New York City, the mid-1800’s, and the crime-ridden slums of Lower Manhattan have given rise to various gangs controlling districts of the newfound metropolis. Among them, the “Natives”, led by the vicious Bill The Butcher (Daniel Day-Lewis), and the Irish immigrant Dead Rabbits, led by Priest Vallon (Liam Neeson – Taken), fight for control of the territory – the Dead Rabbits are vanquished, however the young son of the slain Priest, who watches his father’s murder at the hands of Bill, survives and is taken to an orphanage on Blackwell’s Island. Returning many years later, Amsterdam Vallon (Leonardo DiCaprio) ingratiates himself into Bill’s gang through the friendship of Jimmy Sirocco (Henry Thomas – ET: The Extra-terrestrial), in order to carry out a long-held dream of revenge against the gangster, however his burgeoning romance with pickpocket Jenny Everdene (Cameron Diaz – Charlie’s Angels), and having to navigate the various corruptions within the local constabulary (John C Reilly – Talladega Nights) and political factions (Jim Broadbent alongside Eddie Marsan) and the blithering influence of the high society types from Midtown (David Hemmings – Gladiator), make exacting his vengeance a tricky proposition indeed.

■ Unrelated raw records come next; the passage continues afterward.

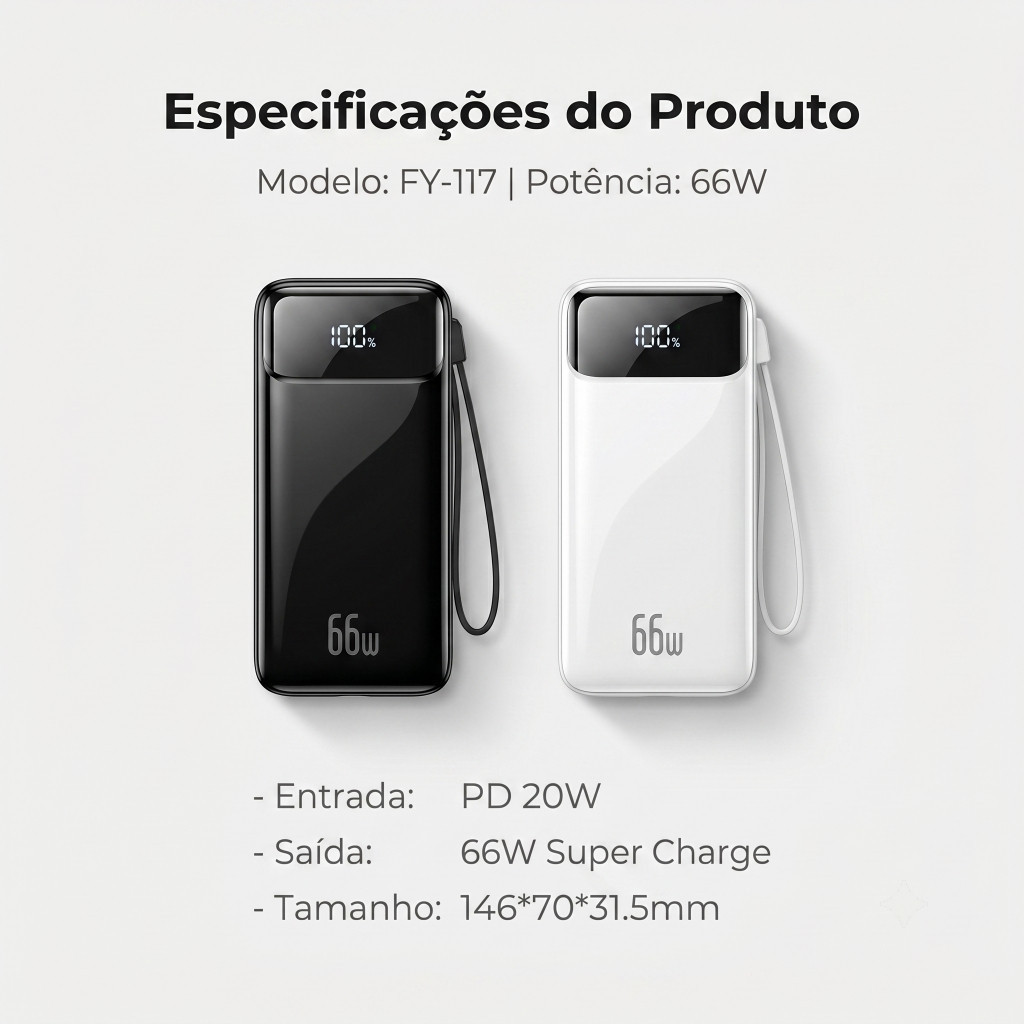 Carregador De Banco De Potência 20000mah Display Digital Portátil 66W Carregamento Super Rápido Com 4 Cabos
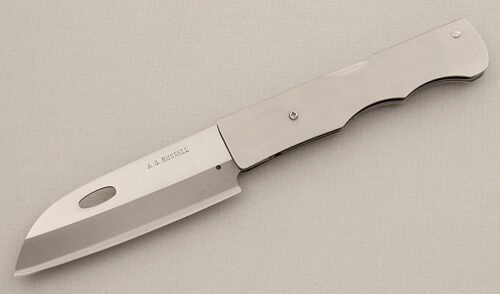 A.G. Russell AG-135 Folding Hocho with Stainless Steel Frame handle material - Obverse Side - Item #KLC15523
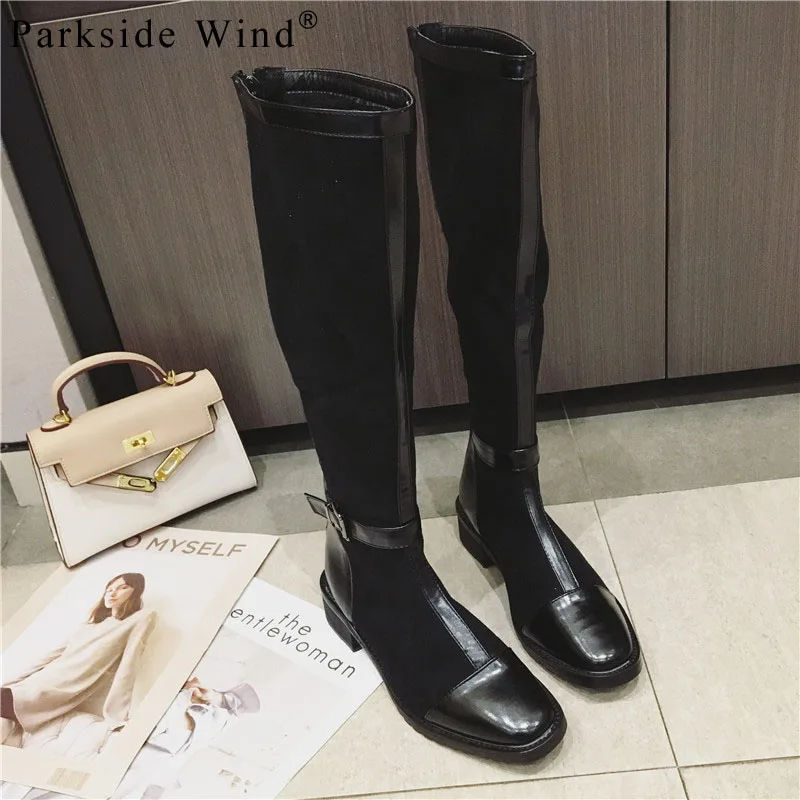 

Parkside Wind Women Boots Winter Stripe Buckle Strap Knee-high Female Shoes Fashion Thigh High Riding Bota Mujer XWC3133-45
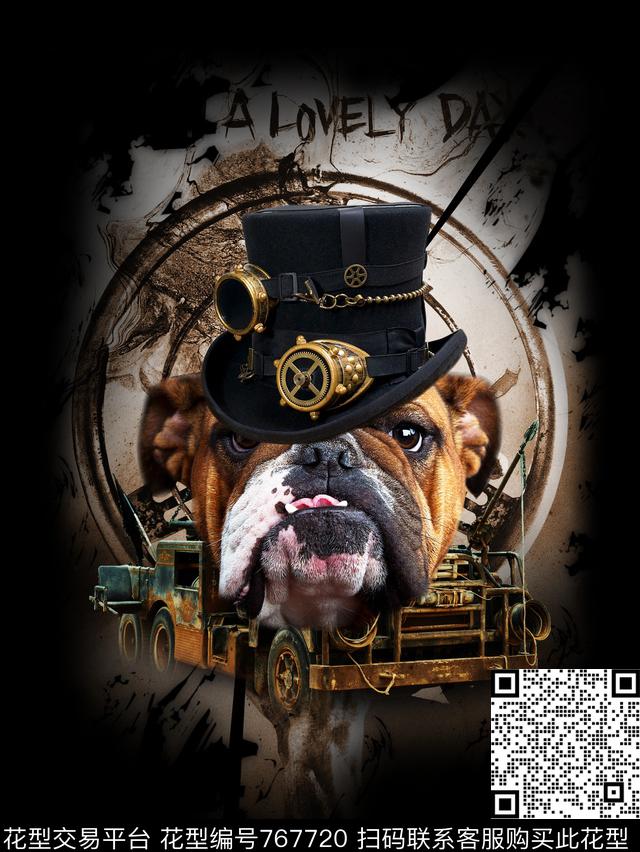 欧美潮牌狗头数码印花华亿平台下载（图片编号: 767720） - 瓦栏（Walan）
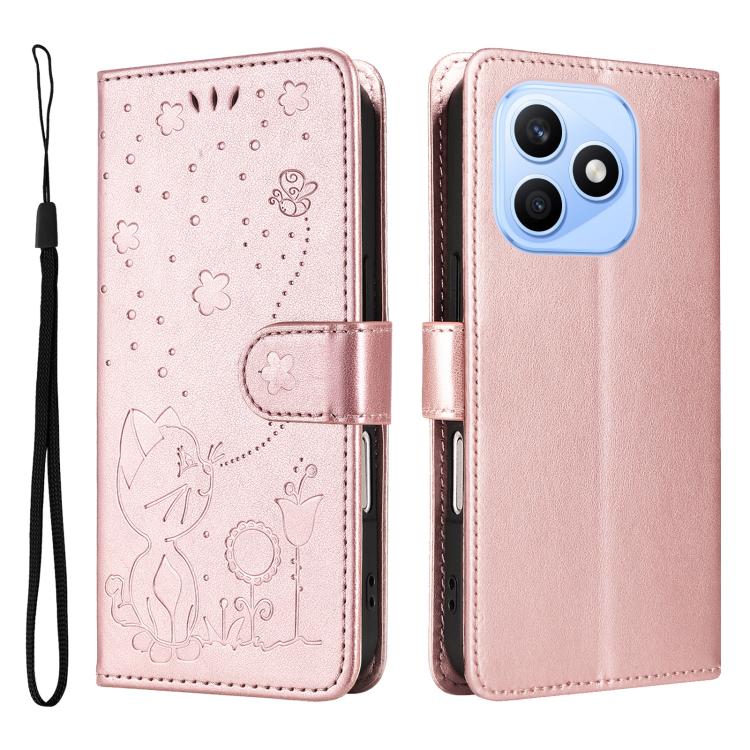 For Honor X8d 4G Cat and Bee Embossed Flip Leather Phone Case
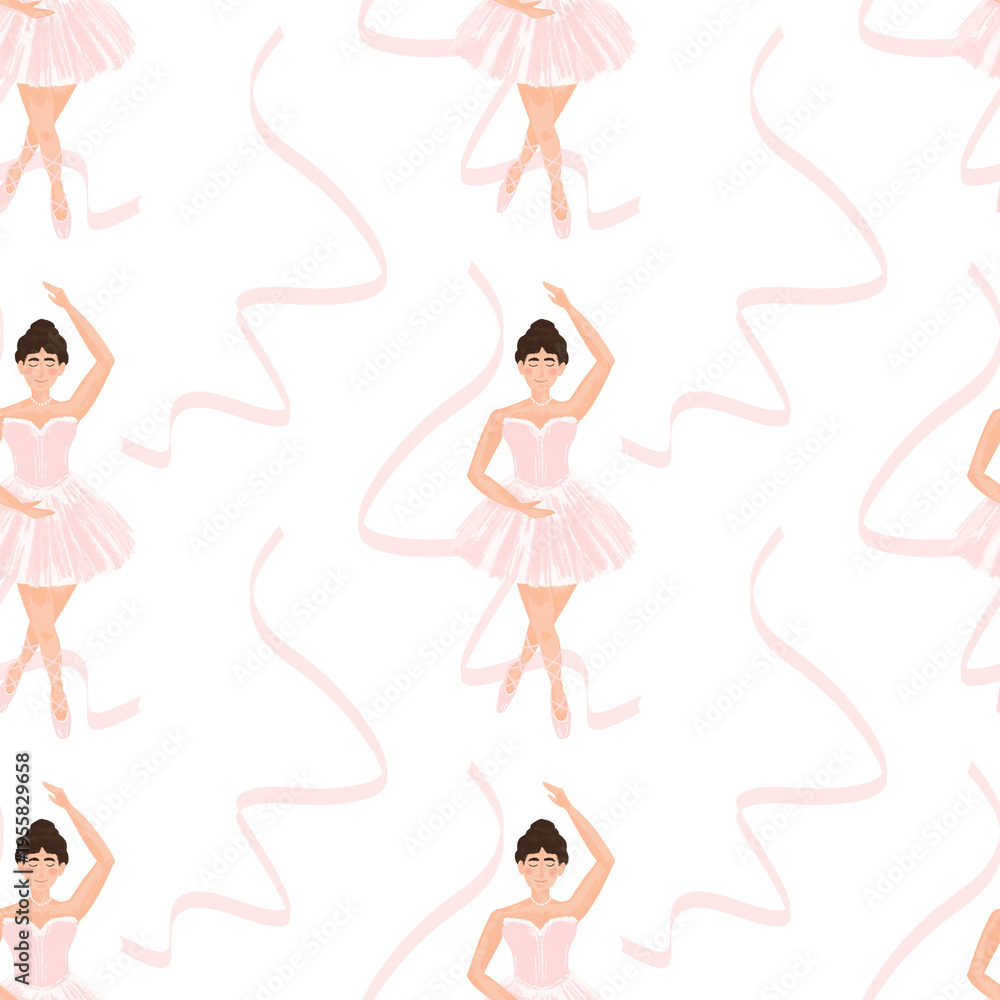 Fototapeta premium Seamless hand-drawn pattern featuring a brunette ballerina dancing with a flowing ribbon. Elegant, romantic design for ballet schools, textiles, packaging, and creative projects.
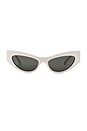 view 1 of 3 Cat Eye Sunglasses in White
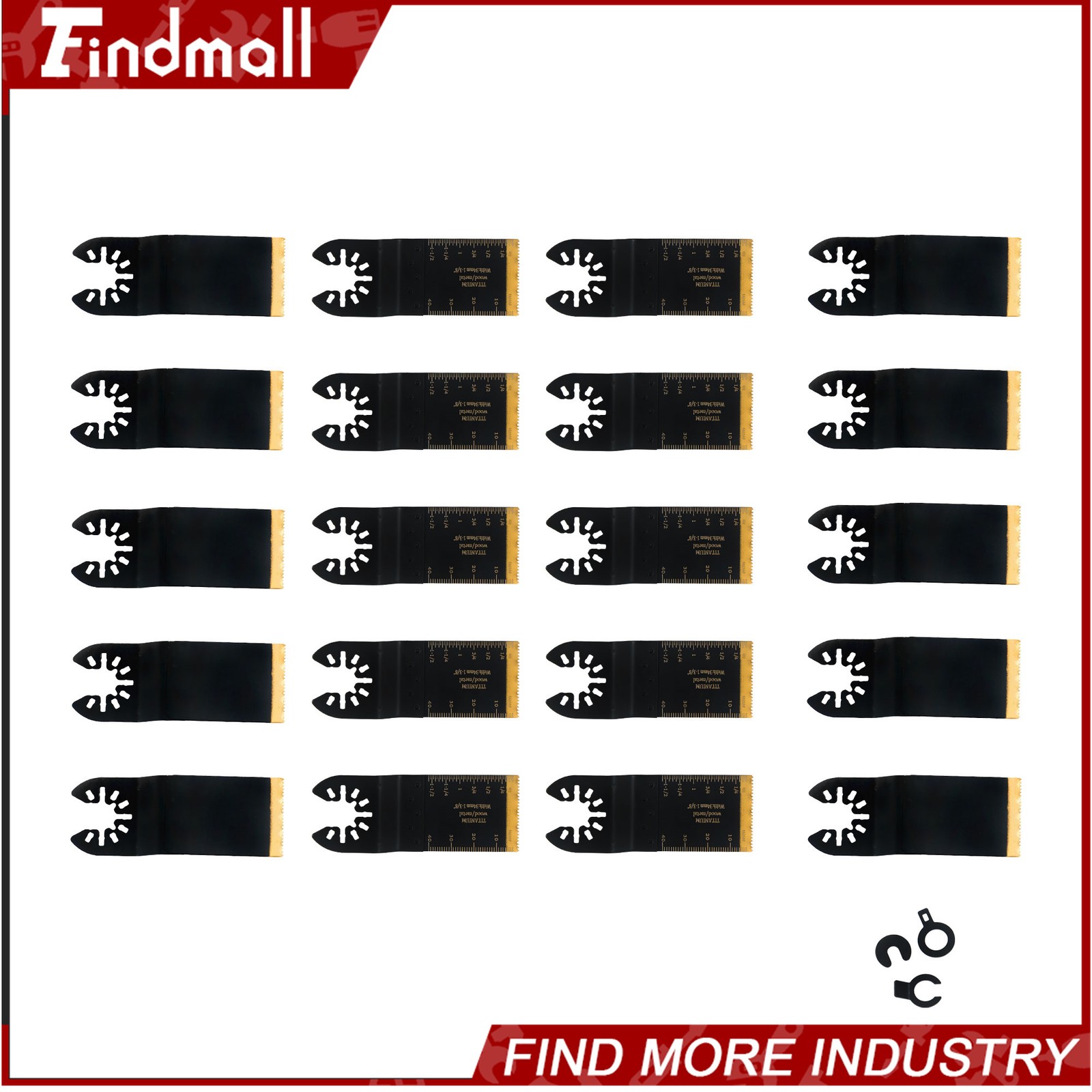 Findmall 20 PCS Titanium Oscillating Multi Tool Blades Kit for Metal & Wood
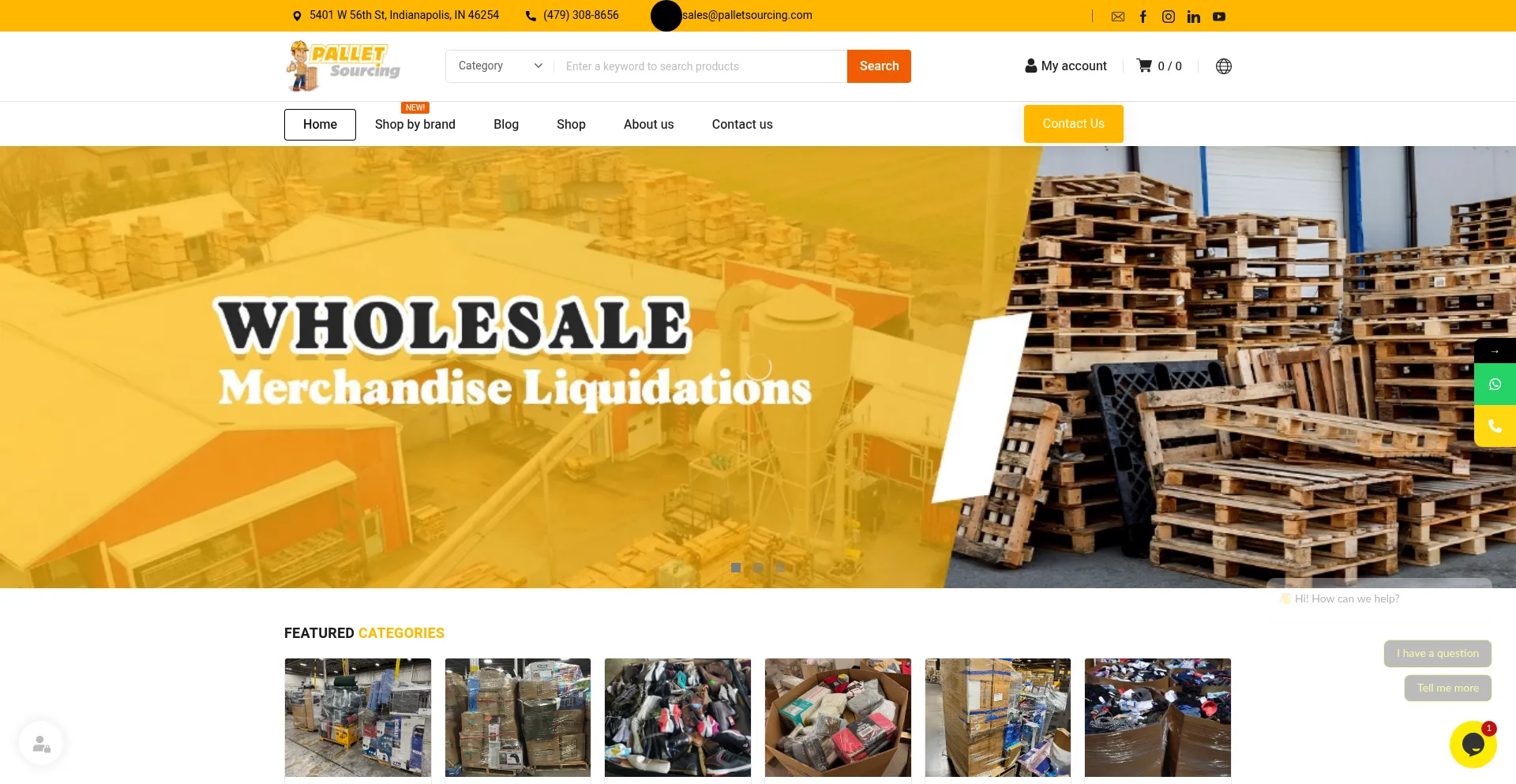 Website screenshot of Palletsourcing.com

Director Martin Scorsese has perhaps done more for New York City’s image within the global consciousness than any filmmaker before or since; iconic movies such as Taxi Driver, Mean Streets, Bringing Out The Dead, Goodfellas, and more recently The Wolf Of Wall Street, have become so synonymous with the Big Apple through various generations there’s no denying the director isn’t intimately associated with the city’s pastiche of history and criminality. 2002’s Gangs Of New York is arguably Scorsese’s most corpulent film about the famous metropolitan settlement, a staggering ensemble essaying an epic, political, social and demographical examination of New York’s early days as both a hotpot of democratic birth pangs and a funnel for immigrant tensions, writ large on the eponymous Five Points conclave in Manhattan’s Lower East Side. Violent, scattershot, occasionally emotionally engaging, with some terrific (and one terrible) lead performances alongside a solid supporting roster of British and American talent, Gangs Of New York is “prestige” Scorsese at his best, a tale of real people fantasised within the master director’s historical landscapes and worshipfulness of America’s blood-soaked past.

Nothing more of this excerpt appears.